Data Scientist vs Data Analyst vs Data Engineer

using Word Cloud - Python

Posted on January 15, 2018

The terms Data Scientist, Data Analyst and Data Engineer are often used interchangeably. Although all three are data focused roles, they have subtle differences that separate each other. With even the hiring companies switching between the terms we'll take a different approach understanding each role.

Let's ask Google

Data Scientist

Data scientists are big data wranglers. They take an enormous mass of messy data points (unstructured and structured) and use their formidable skills in math, statistics and programming to clean, massage and organize them. Then they apply all their analytic powers – industry knowledge, contextual understanding, skepticism of existing assumptions – to uncover hidden solutions to business challenges.

Data Analyst

Data analysts collect, process and perform statistical analyses of data. Their skills may not be as advanced as data scientists (e.g. they may not be able to create new algorithms), but their goals are the same – to discover how data can be used to answer questions and solve problems.

Data Engineer

Data engineers build massive reservoirs for big data. They develop, construct, test and maintain architectures such as databases and large-scale data processing systems. Once continuous pipelines are installed to – and from – these huge “pools” of filtered information, data scientists can pull relevant data sets for their analyses.

The above definitions are a little vague and doesn't explain clearly what skillset a company expects from a potential candidate for the given roles.

Word Cloud

Word Cloud is an image composed of words used in a particular text or subject, in which the size of each word indicates its frequency or importance.

Data from LinkedIn

We collected considerable 'Job description and Qualifications' data for the above roles on LinkedIn posted by multiple companies. Generating word clouds using this data might help us distinguish the roles clearly.

Generating Word Cloud - Python Code

The extracted data are saved in text files and is used to generate the word cloud.

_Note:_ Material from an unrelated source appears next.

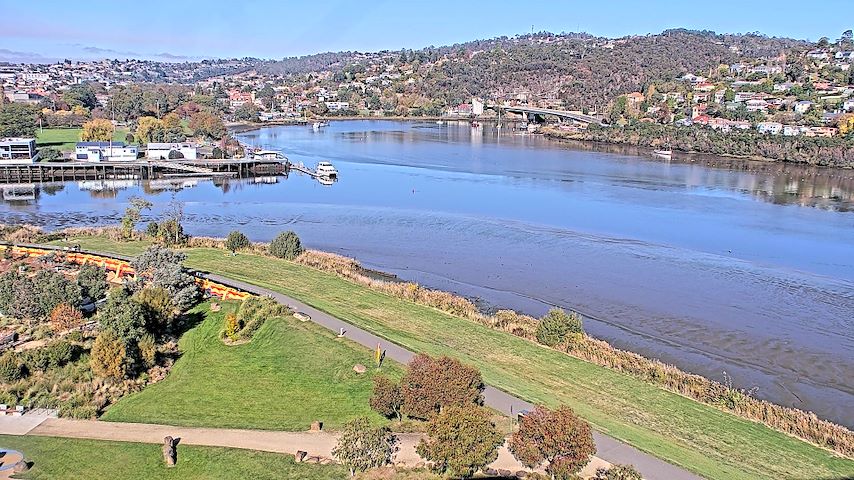 Tamar Estuary Image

This uses word_cloud library that can be installed with 'pip install wordcloud'

          from wordcloud import WordCloud
          import matplotlib.pyplot as plt

          ## Data analyst responsibilities
          f = open('data/Data_analyst_responsibility.txt','r')
          data_analyst_resp = f.read()
          f.close()

          ##### Data analyst skills
          f = open('data/Data_analyst_skill.txt','r')
          data_analyst_skill = f.read()
          f.close()

          ##### Data scientist responsibilities
          f = open('data/data_scientist_responsibility.txt','r')
          data_scientist_responsibility = f.read()
          f.close()

          ##### Data scientist skills
          f = open('data/data_scientist_skills.txt','r')
          data_scientist_skills = f.read()
          f.close()

          def word_cloud_job_title(data, font_size = 40, title = '') :

          stopwords = ['etc','years', 'Etc','degree','skill','using','preferred','field',
                      'based','related','including','ability', 'experience']
          data = data.lower()
          for word in stopwords:
              if word in data:
                  data=data.replace(word,"")

          # Generate a word cloud image
          wordcloud = WordCloud().generate(data)

          # Display the generated image:
          # the matplotlib way:
          plt.imshow(wordcloud, interpolation='bilinear')
          plt.axis("off")
          fig = plt.gcf()
          fig.set_size_inches(15,10)
          plt.title(title, fontsize = 24)
          plt.show()

          ### Data_analyst responsibility
          word_cloud_job_title(data_analyst_resp, title = 'data_analyst_responsibility')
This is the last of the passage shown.